NOT FOR DISSEMINATION IN THE UNITED STATES OR FOR DISTRIBUTION TO U.S. NEWSWIRE SERVICES AND DOES NOT CONSTITUTE AN OFFER OF THE SECURITIES DESCRIBED HEREIN



Prophecy Platinum Corp. ("Prophecy" or the "Company") (TSX VENTURE:NKL)(OTCQX:PNIKF)(FRANKFURT:P94P) is pleased to announce a $20 million brokered private placement (the "Offering") of special warrants (the "Special Warrants") at a price of $2.25 per Special Warrant and flow-through special warrants (the "FT Special Warrants) at a price of $2.50 per FT Special Warrant (the Special Warrants and FT Special Warrants collectively, the "Offered Securities"). The Offering will be led by Casimir Capital Ltd. with a syndicate of agents collectively the "Agents". The Agents will be granted an option to cover over-allotments, exercisable two days prior to closing of the Offering, to purchase up to an additional 15% of the base Offering.


Each Special Warrant will entitle the holder thereof, upon exercise of each Special Warrant, to receive, without payment of additional consideration, one common share of the Company (a "Special Warrant Share") and one common share purchase warrant (a "Warrant"). Each Warrant will entitle the holder thereof to acquire one additional common share (a "Warrant Share") at a price of $3.00 per Warrant Share for a period of 24 months.


Each FT Special Warrant will entitle the holder thereof, upon the exercise of each FT Special Warrant, to receive, without payment of additional consideration, one common share (an "FT Special Warrant Share"). The FT Special Warrants will be issued as "flow-through shares" as defined in subsection 66(15) of the Income Tax Act (Canada).


The Company will pay to the Agents a cash fee equal to 6.5% of the gross proceeds from Offered Securities sold by the Agents pursuant to the Offering.


The Offered Securities will be deemed to be exercised on the earlier of: (a) the date that is four months and a day following the closing date, and (b) the fifth business day after a receipt is issued for a final prospectus by the securities regulatory authorities in each of the Provinces of Canada where the Offered Securities are sold qualifying the securities to be issued upon the exercise of the Special Warrants (the "Prospectus").

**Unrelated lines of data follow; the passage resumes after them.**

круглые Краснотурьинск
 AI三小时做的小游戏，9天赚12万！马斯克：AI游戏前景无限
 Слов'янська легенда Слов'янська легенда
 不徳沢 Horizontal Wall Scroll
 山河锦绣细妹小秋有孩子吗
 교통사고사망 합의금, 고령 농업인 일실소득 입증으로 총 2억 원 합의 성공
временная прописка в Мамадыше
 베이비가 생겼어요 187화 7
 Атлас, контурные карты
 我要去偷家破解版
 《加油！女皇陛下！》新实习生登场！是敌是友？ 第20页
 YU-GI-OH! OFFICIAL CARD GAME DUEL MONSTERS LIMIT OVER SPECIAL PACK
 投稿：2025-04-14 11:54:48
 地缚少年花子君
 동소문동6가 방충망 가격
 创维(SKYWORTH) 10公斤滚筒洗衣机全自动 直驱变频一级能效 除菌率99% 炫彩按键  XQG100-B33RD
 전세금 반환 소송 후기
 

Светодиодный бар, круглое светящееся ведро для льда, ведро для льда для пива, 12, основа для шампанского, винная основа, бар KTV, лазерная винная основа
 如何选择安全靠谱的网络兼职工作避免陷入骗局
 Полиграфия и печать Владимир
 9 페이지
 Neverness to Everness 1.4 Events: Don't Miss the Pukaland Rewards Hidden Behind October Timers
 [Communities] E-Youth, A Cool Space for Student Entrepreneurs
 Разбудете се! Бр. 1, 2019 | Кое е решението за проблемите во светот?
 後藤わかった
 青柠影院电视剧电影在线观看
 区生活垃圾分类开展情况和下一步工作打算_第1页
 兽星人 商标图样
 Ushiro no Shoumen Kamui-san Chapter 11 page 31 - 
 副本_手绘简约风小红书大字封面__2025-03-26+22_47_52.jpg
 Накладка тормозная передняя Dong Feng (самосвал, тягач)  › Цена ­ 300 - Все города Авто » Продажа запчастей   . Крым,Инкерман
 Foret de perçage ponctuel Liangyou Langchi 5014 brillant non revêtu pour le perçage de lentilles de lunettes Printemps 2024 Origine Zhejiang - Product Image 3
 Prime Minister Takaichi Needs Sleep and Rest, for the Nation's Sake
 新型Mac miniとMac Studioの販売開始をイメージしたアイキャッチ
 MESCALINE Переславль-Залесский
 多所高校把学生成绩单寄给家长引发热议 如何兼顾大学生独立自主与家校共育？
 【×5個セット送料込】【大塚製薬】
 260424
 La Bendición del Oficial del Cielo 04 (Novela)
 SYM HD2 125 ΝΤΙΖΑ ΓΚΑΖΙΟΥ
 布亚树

The Company shall use its reasonable best efforts to obtain such receipt for the Prospectus within 45 days of the closing date, failing which, each unexercised Special Warrant will thereafter entitle the holder to receive, upon the exercise thereof, for no additional consideration, an additional 10% of the Special Warrant Shares and the Warrants otherwise issuable, which would consist of 1.1 Special Warrant Shares (instead of one Special Warrant Share) and 1.1 Warrants (instead of one Warrant), subject to adjustment (the additional Special Warrant Shares and Warrants are collectively referred to herein as the "Penalty Securities"). The holders of the FT Special Warrants will not be entitled to any Penalty Securities.


Prophecy intends to use the proceeds of the Offering to advance its Wellgreen property towards pre-feasibility as well for exploration on the balance of the projects in its mineral portfolio, and for general corporate purposes. The completion of the Offering is subject to regulatory approval, including the approval of the TSX Venture Exchange.